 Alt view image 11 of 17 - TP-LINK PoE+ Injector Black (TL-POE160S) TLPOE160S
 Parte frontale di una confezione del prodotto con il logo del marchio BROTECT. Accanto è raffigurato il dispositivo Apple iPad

# # # # #

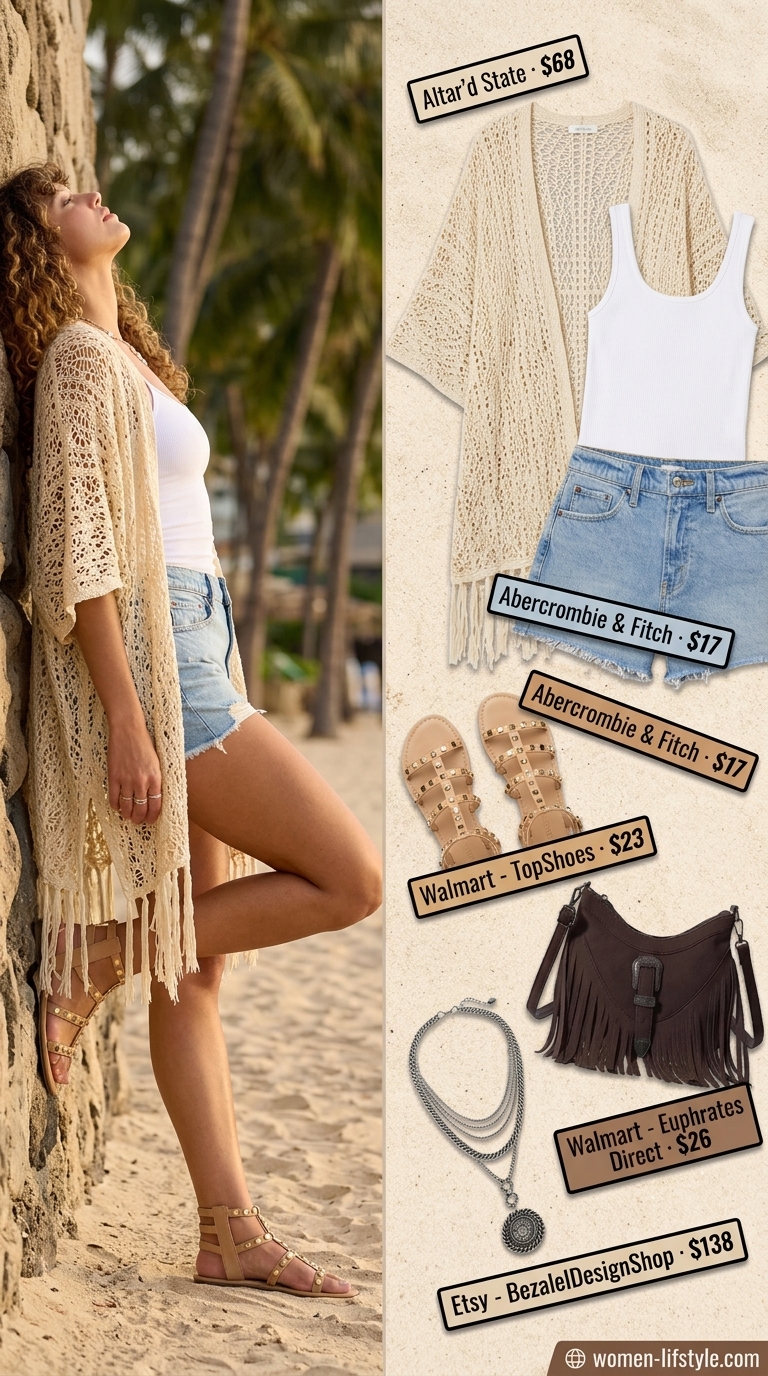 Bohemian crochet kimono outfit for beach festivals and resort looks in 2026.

# # # # #

## What to do
Produce a word-for-word copy of everything above from the line holding "Alt view image" down to the line holding "Parte frontale di", with both of those lines kept.

## Written response
 Alt view image 11 of 17 - TP-LINK PoE+ Injector Black (TL-POE160S) TLPOE160S
 Parte frontale di una confezione del prodotto con il logo del marchio BROTECT. Accanto è raffigurato il dispositivo Apple iPad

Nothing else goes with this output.